> _Dataset records_:
────────────────
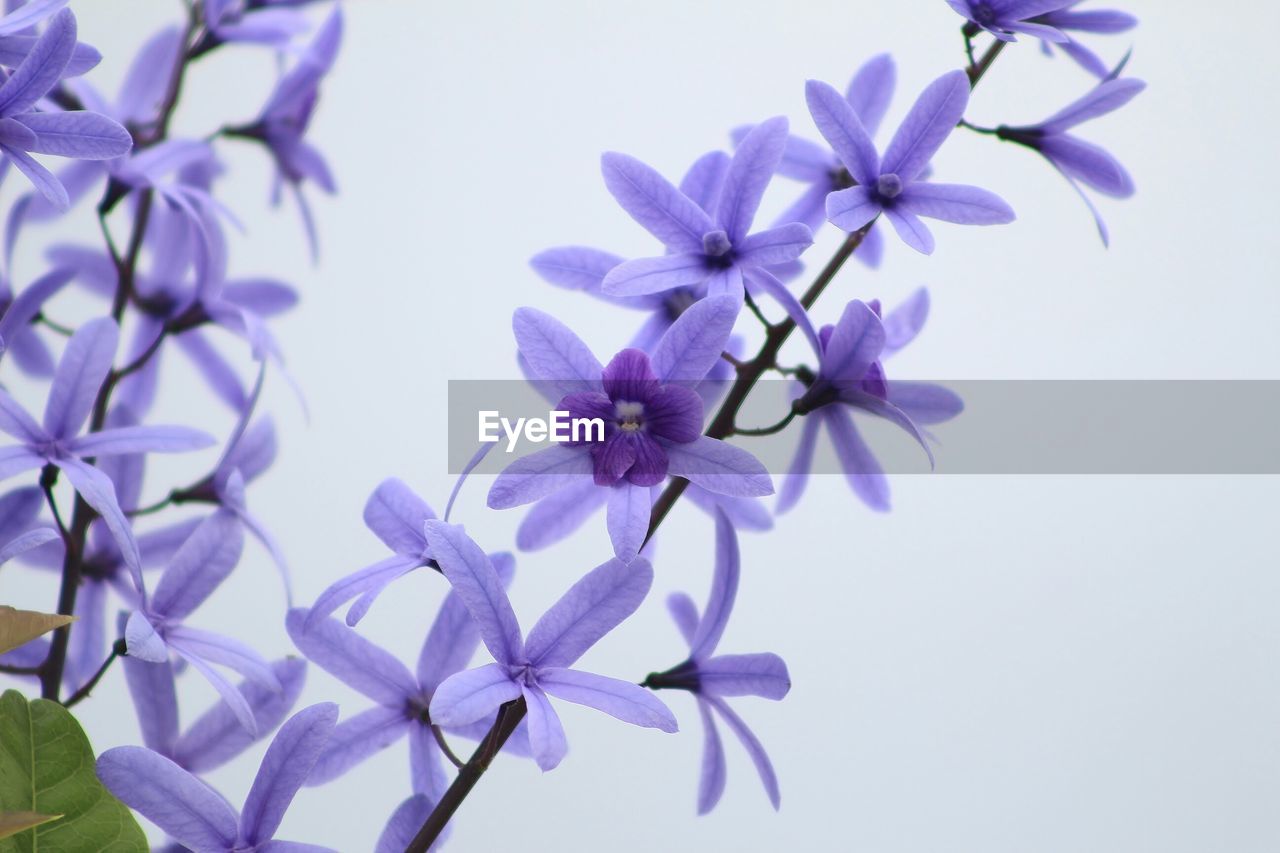 Close-up of purple flowers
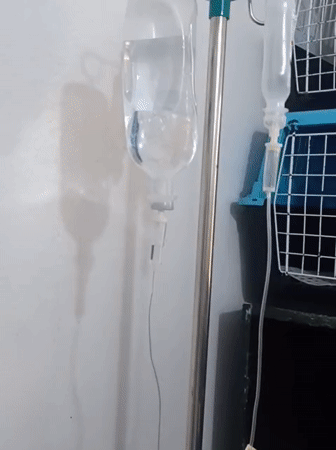 Cat rests near medical equipment in Nairobi healthcare setting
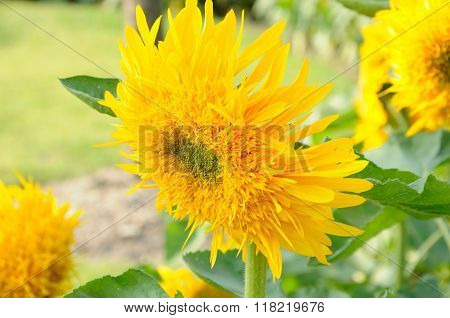 Yellow Sunflowers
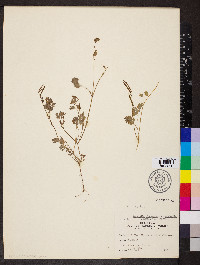 Corydalis micrantha var. australis image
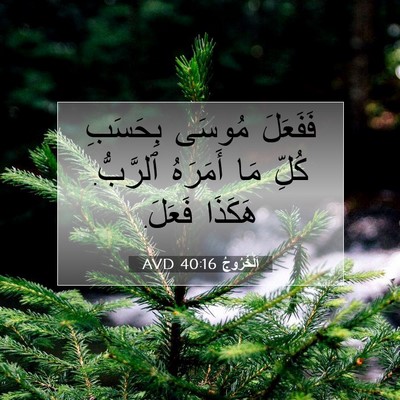 Picture 07 - اَلْخُرُوجُ 40:16 AVD - فَفَعَلَ مُوسَى بِحَسَبِ - Bible Verse Picture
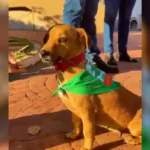 Projeto de proteção de animais na Romaria de Trindade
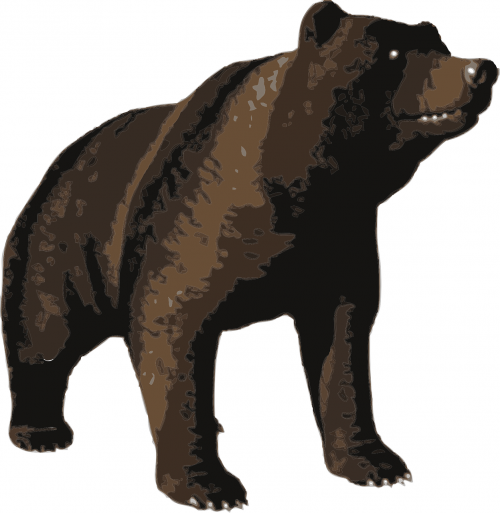 animal bear brown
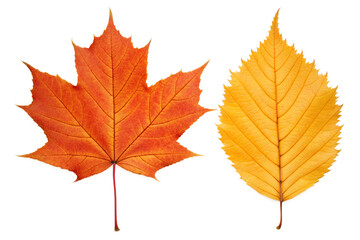 Obraz premium Autumn leaves, vibrant maple and birch foliage in striking orange and yellow hues, captured in high-definition professional photography, symbolizing the changing seasons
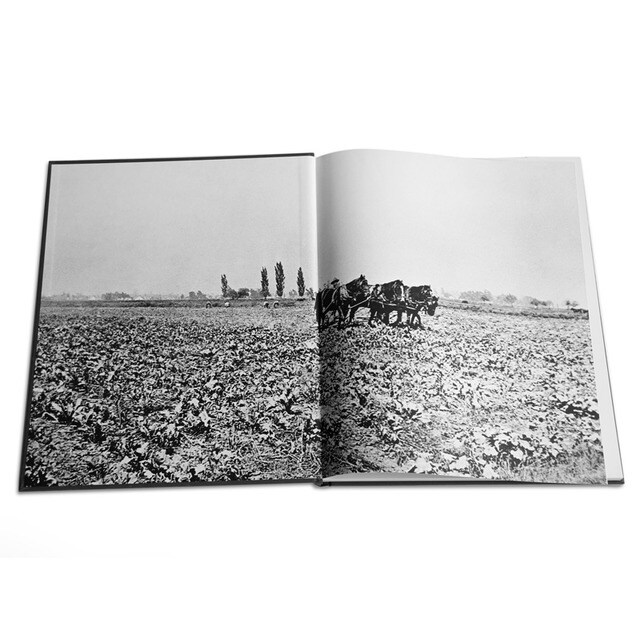 Henry t. Segerstrom art book 2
────────────────
> _What to do_: Repeat word for word, leaving out the pictures, each line of the records from the line that holds "Projeto de proteção" through the final one.

> _Reply to the task_:
 Projeto de proteção de animais na Romaria de Trindade
 animal bear brown
 Obraz premium Autumn leaves, vibrant maple and birch foliage in striking orange and yellow hues, captured in high-definition professional photography, symbolizing the changing seasons
 Henry t. Segerstrom art book 2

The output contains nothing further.